The nearly ex husband never talked about it. I told myself and everyone else that he showed his support by never judging me when I lost it. I was deluding myself. He was not equipped to deal with emotions, particularly not anyone elses. Not his fault, just the way it is. My fault for not recognising that I had chosen a partner that was simply not capable in giving me the one thing I needed in life, emotional support and love. The one thing I have spent my life telling myself I do not need turns out to be the very thing I need and the thing that scares me most.

When you have a pathological aversion to being vulnerable, there is no better solution to marry someone that is not equipped to give it. More self harm. I am beginning to think that I am not in fact, as emotionally aware as I had thought.

On the upside, it's all starting to slot into place. All the patterns of self defeating behaviour, all of the issues with fear that keep me in my comfort zone, all being exposed. Fear is a great thing. It causes you to avoid and to face issues. Take your pick which one is the best option.

I also realised this weekend that those that try and hurt me, no longer can. The damage they cause is to themselves and to innocent parties. I have spend far too much of my life allowing myself to be damaged. By others and by myself. Those that I have allowed to damage me in the past are no longer capable. How they deal with that is now firmly their issue and not mine. I no longer need to anaylase it. I just accept it as it is. Other peoples unkindness is a reflection of them and not one that has anything to do with me.

Losing that little boy taught me other things. The intense love I feel for the little ones sometimes overwhelmes me. I have never been particularly 'Mummsy'. I would fight to the death for my children, equally I would be the first to hand them in if they did anything wrong. I do not pander to them, I like self sufficient children. I do not wear 'Mummsy' clothes, I do not spend my life entertaining them. I spend a proportion of my time lying in bed wondering what the point to it all is. Raising 4 children myself often leaves me wondering if I am failing all of them. Perhaps, but they all know that above all else, they are loved.

After the nearly ex husband left, he told me that he had never wanted the last two. He thought it would make things better. It was a comment that truly shocked me. I am not sure why anyone would think that having more children would make things better, it could only ever make things harder. Yet, I know that having given birth to a little boy that was never going to make it, to have been given to healthy, living breathing children is the kind of thing that makes you realise just how precious life is.

The other issue addressed today was what I would seek in a relationship. Having already worked through goals and desires for work, finances, health, fitness and spirituality, this was the one area that compromise was not on offer. Having spent most of my life in the wrong relationship, I am not compromising on anything I need in any future plans. I cannot think of anything more soul destroying than a serious of half right encounters and really would rather be on my own. I have met men that would tick a multitude of boxes, but they leave me feeling nothing. What is the point?
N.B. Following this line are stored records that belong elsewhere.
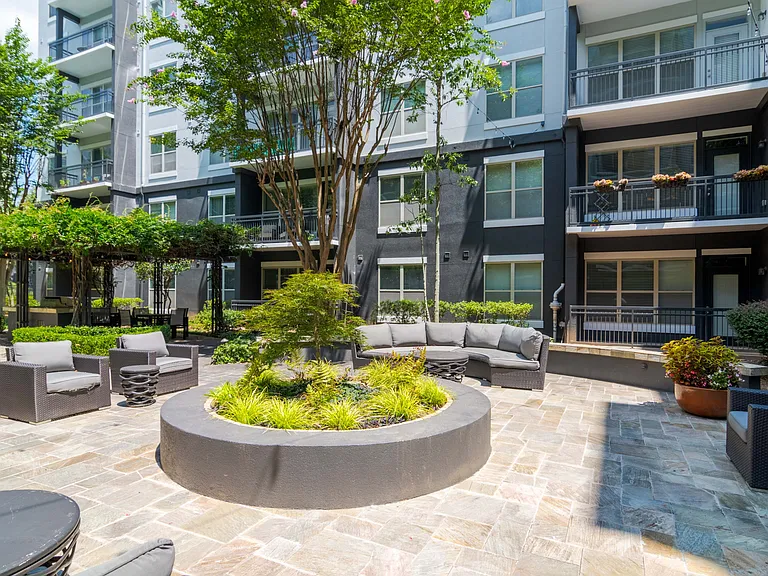 Peachtree Dunwoody Place-16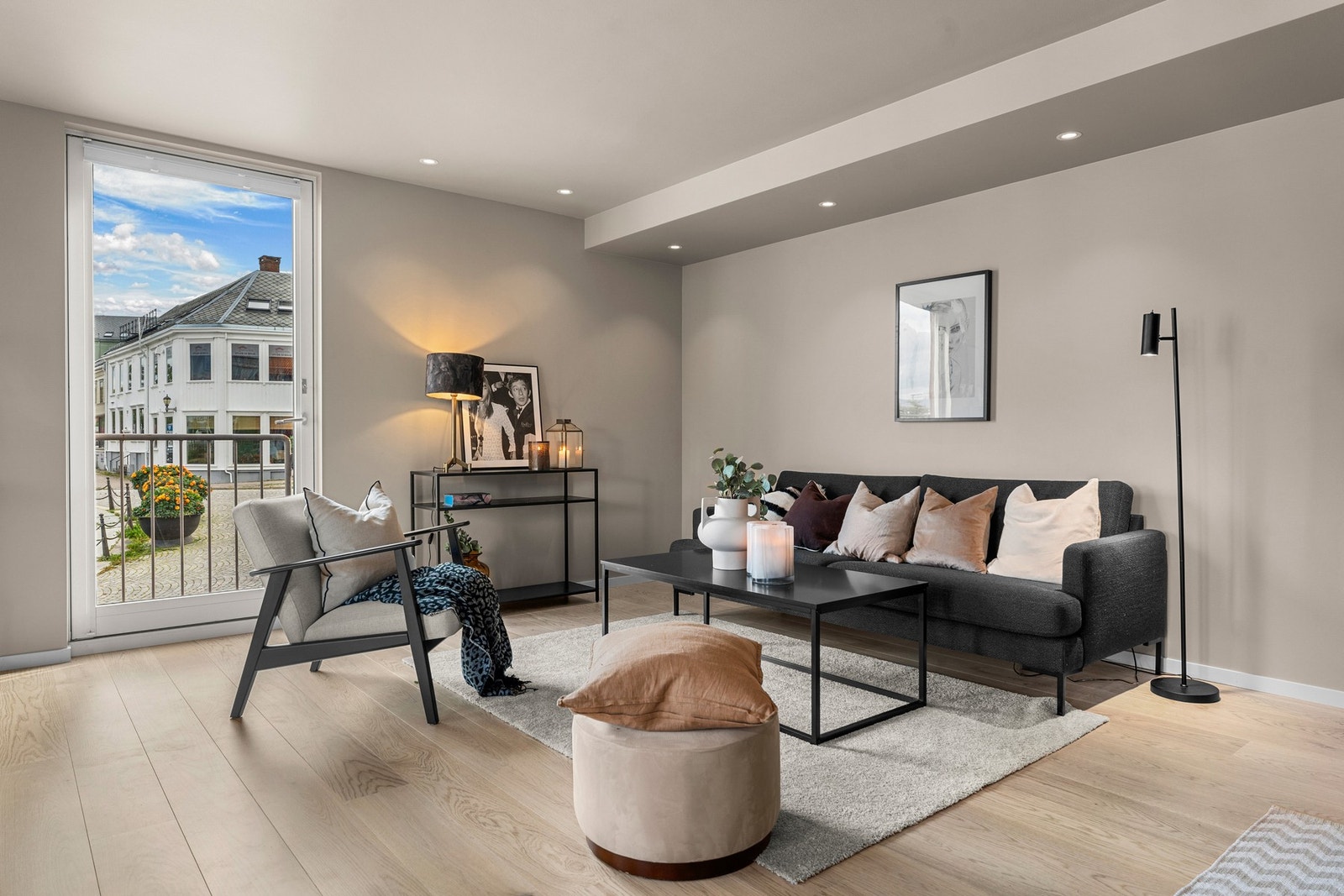 Lys og trivelig stue med god plass til møblering. Galleribilde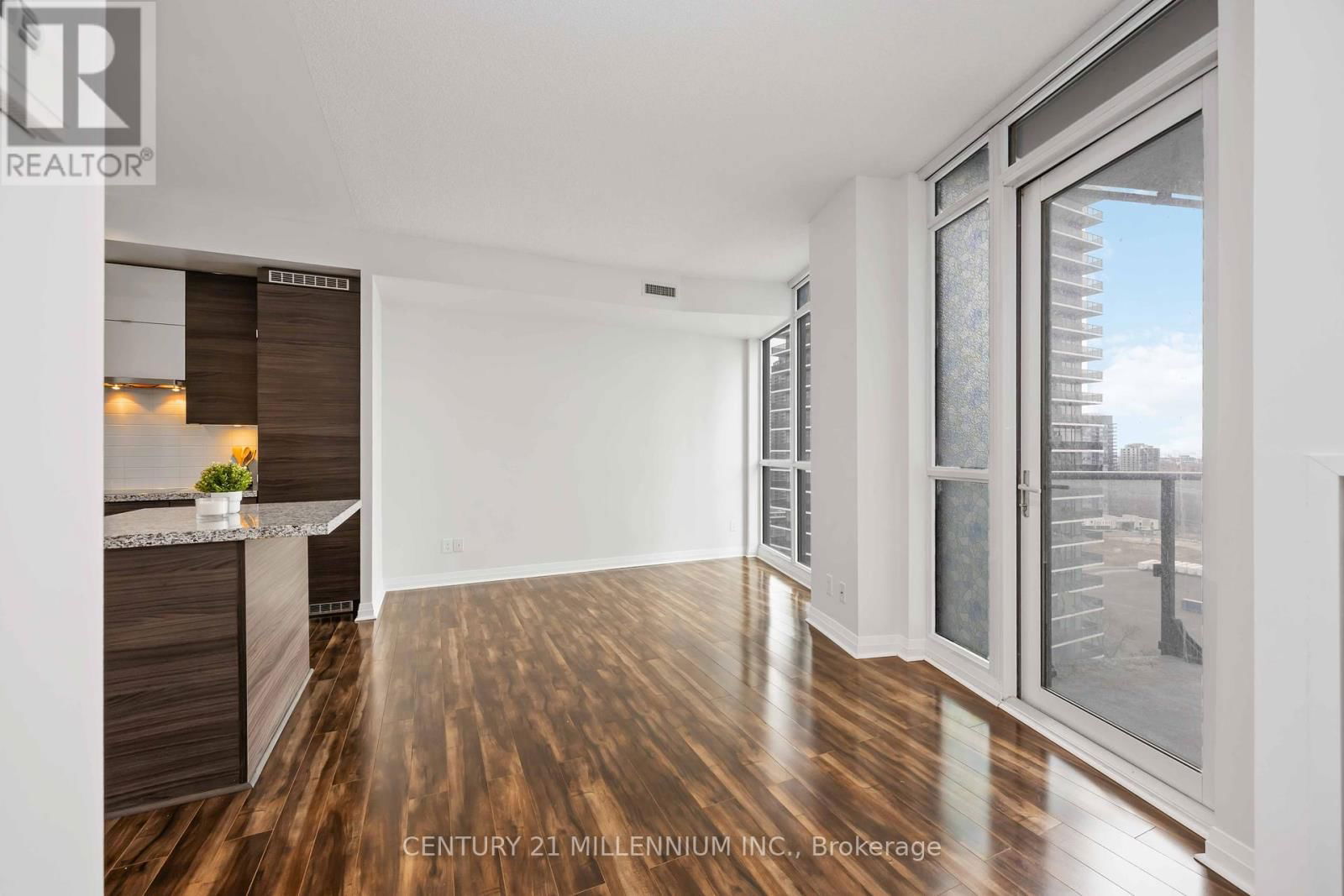 2108 - 59 ANNIE CRAIG DRIVE Image 6
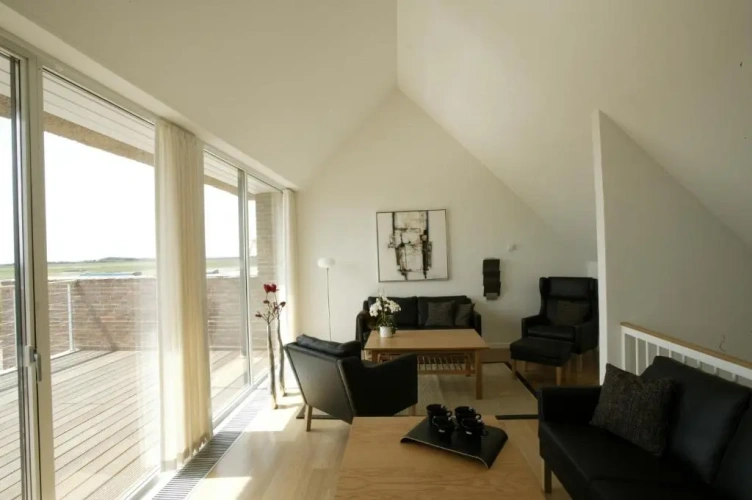 2 Bedrooms Twin Cottage
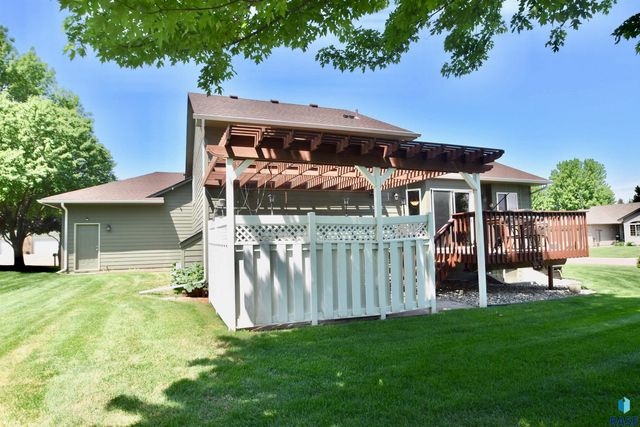 3300 S Fernwood Ave Avenue, Sioux Falls, SD 57110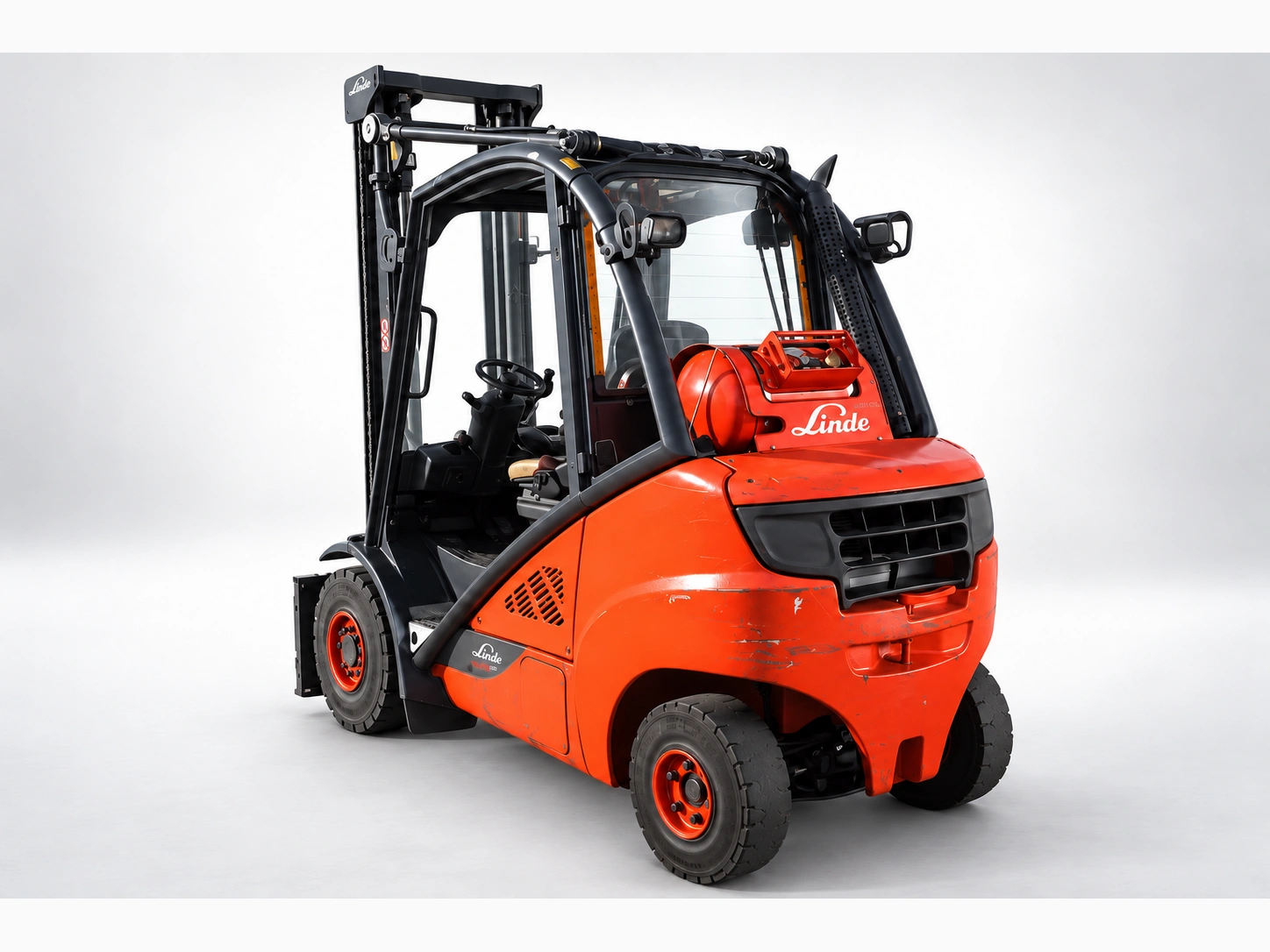 Linde H 30T-02 Treibgasstapler mit Freisichtmast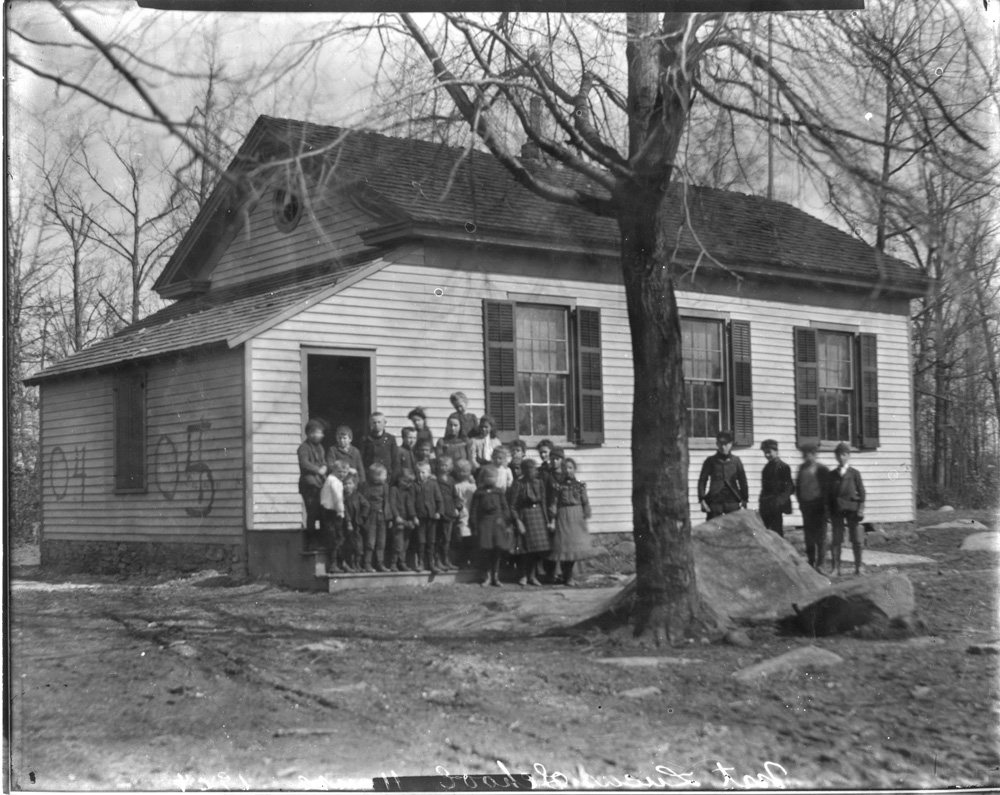 Students in front of the Mount Lucas schoolhouse, 1904. Historical Society of Princeton.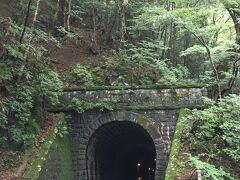 さて翌日！
朝ごはんも食べずにチェックアウトしたら
観光に向かいます。
まずは旧天城トンネル！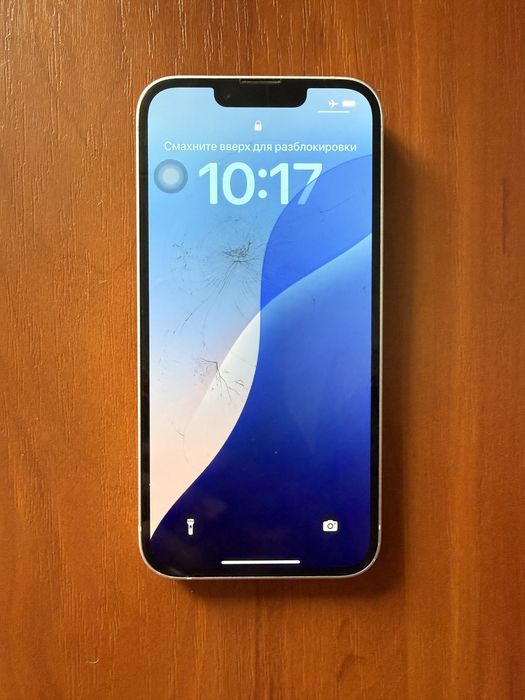 Продам Айфон 12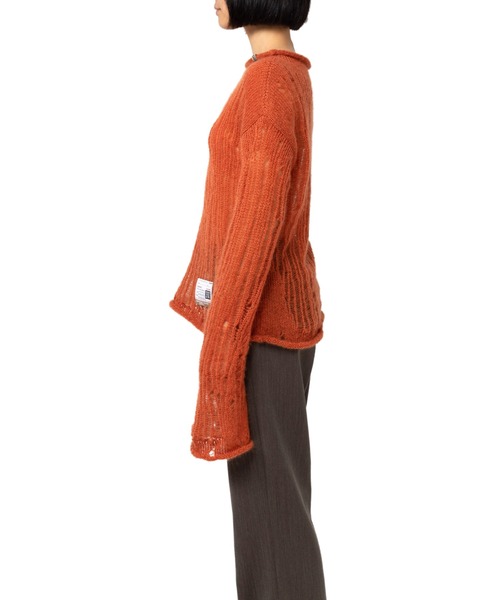 Maison MIHARA YASUHIRO(メゾンミハラヤスヒロ)の「Distressed Pullover(ニット/セーター・レディース・ブラック/オレンジ・FREE)」の12枚目の写真
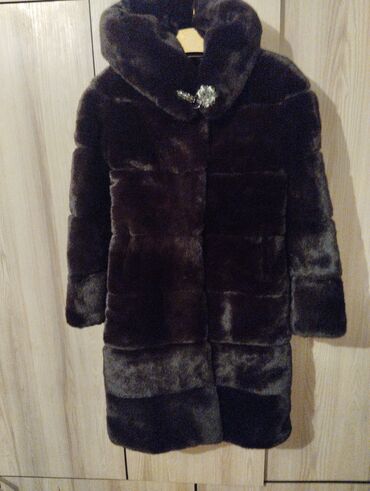 продаю женское пальто: Шуба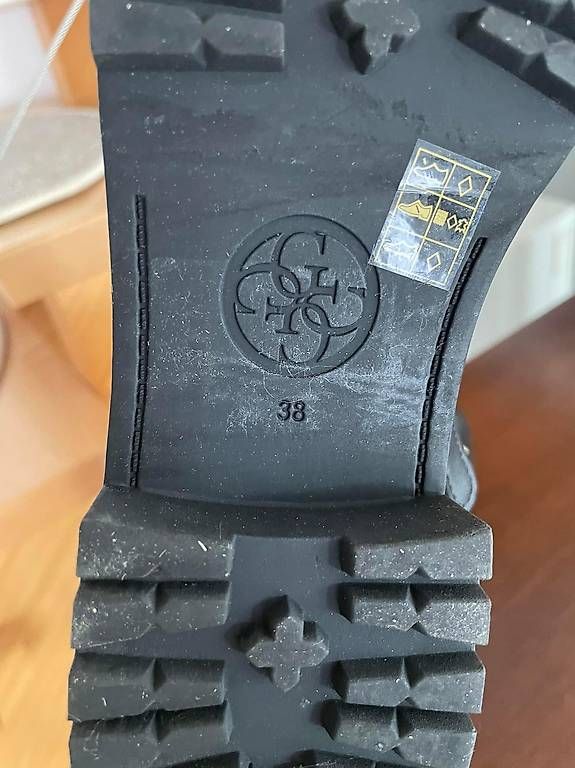 Chaussures femmes: guess stiefeletten  – D'occasion à Adligenswil par balboa5 4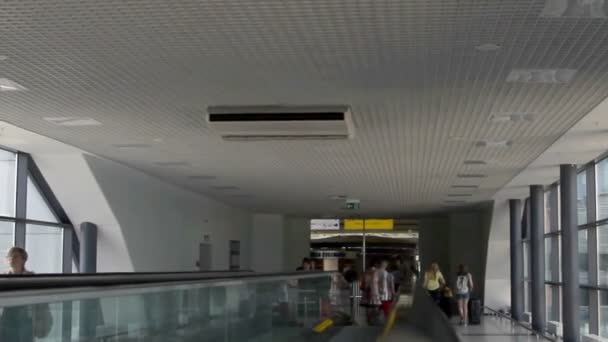 Caminante en el aeropuerto de Sheremetyevo terminal D . — Vídeos de Stock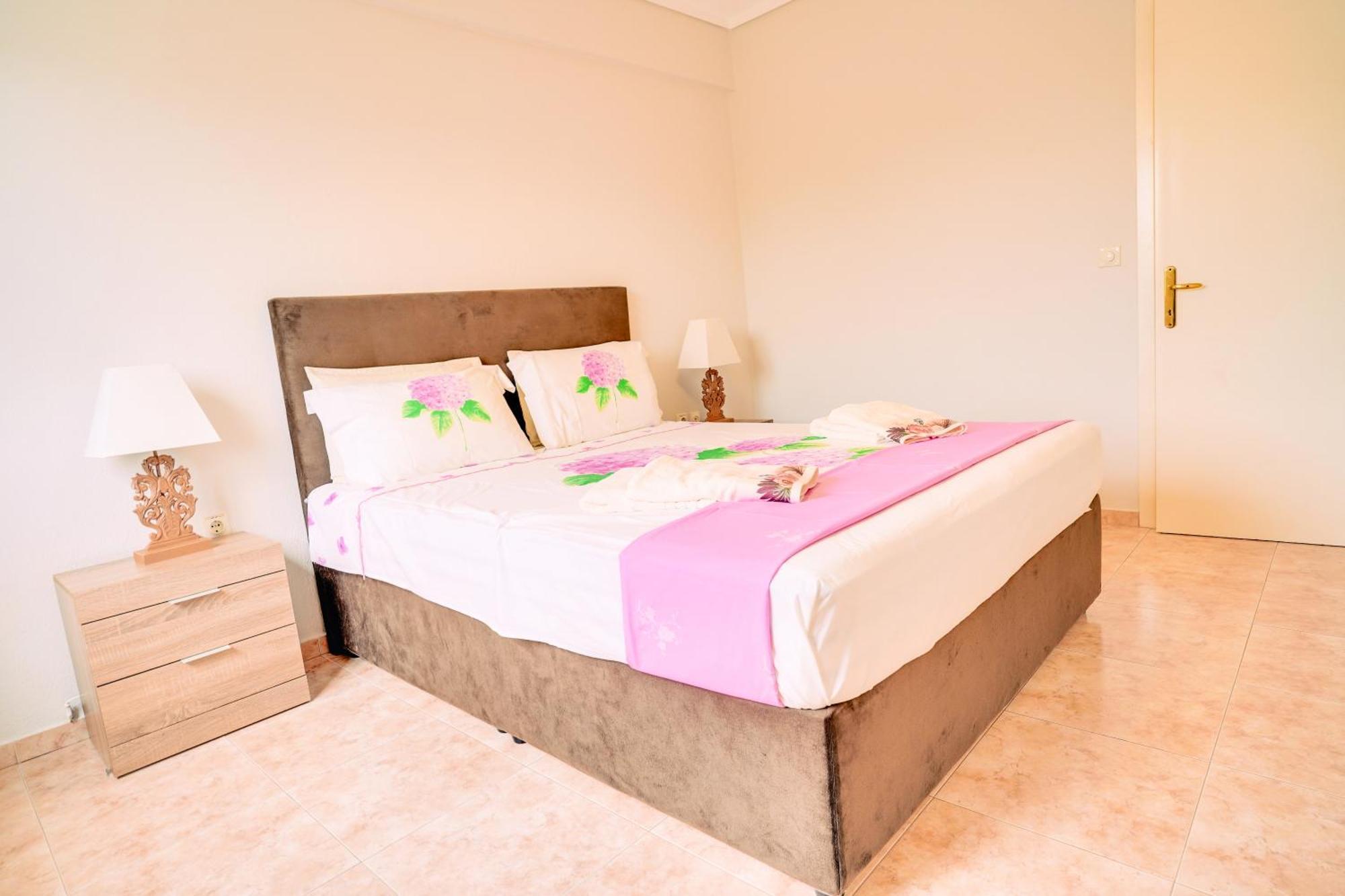 Peraía Lovely And Sunny Apartament 300M From Beach!! מראה חיצוני תמונה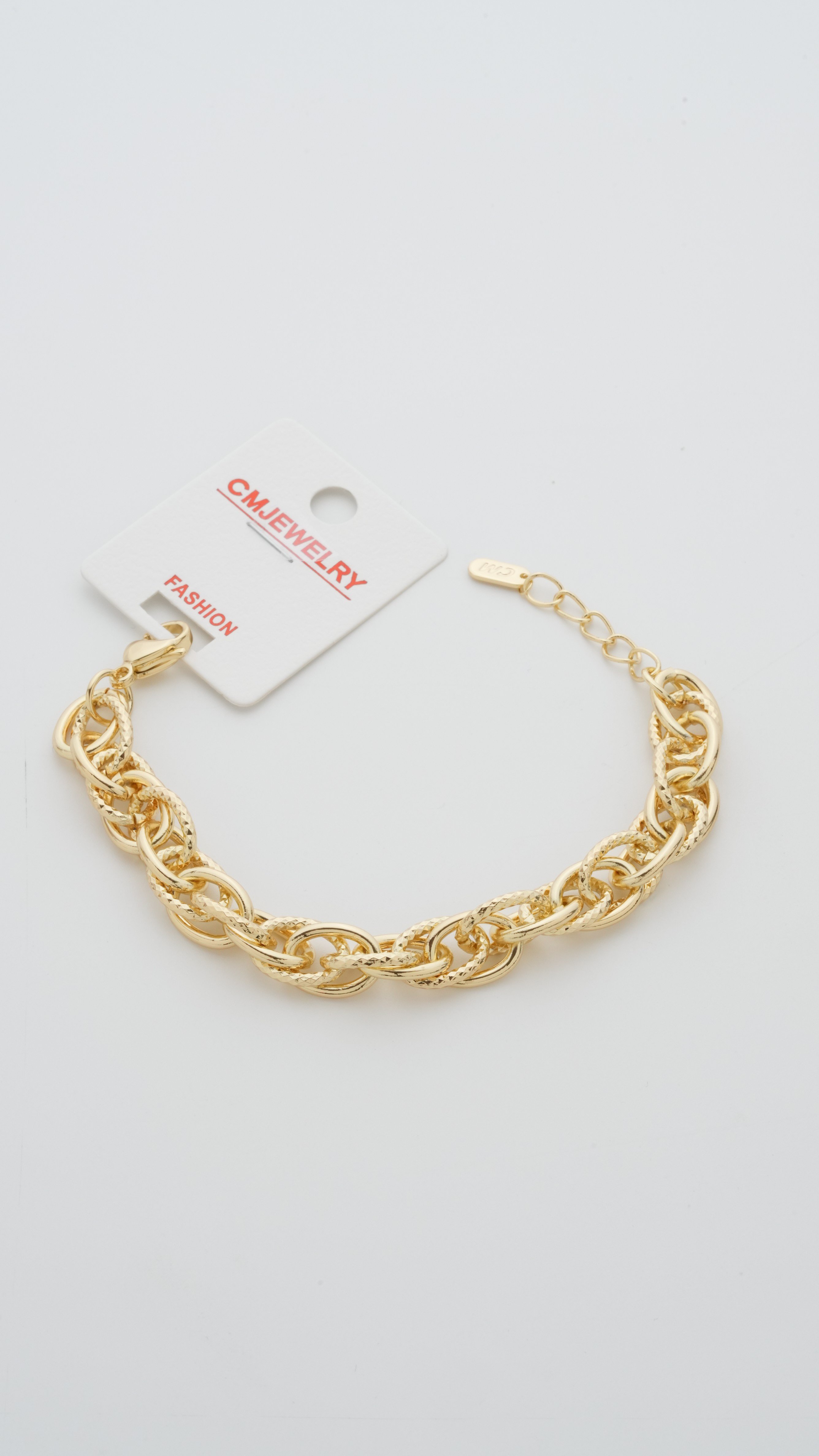 CM   BLKLK 0033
So back to an IQ of over 135, a well toned body, a dry sense of wit, kindness, posture, emotionally aware, and a lateral thinker. The thing about NLP is that it reframes your reference. Instead of telling myself that the serial dater was the only person that I had ever met that can think like me and that caused that 'oh so not common' physical reaction on sight, I have been reframed.

Now I have proved I can meet someone who causes me the 'oh not so common' physical reaction on sight, a man with an IQ over 135, a well toned body, wit, lateral thinker. Fill in the gaps.

It really was quite easy.

"If you met a man that made you feel like the serial dater did but before he started the mind games. A man that had all his plus sides but that was not as emotionally damaged as he, how would you feel?" He asked

"Alive" said I

Simple. I just need to start believing it.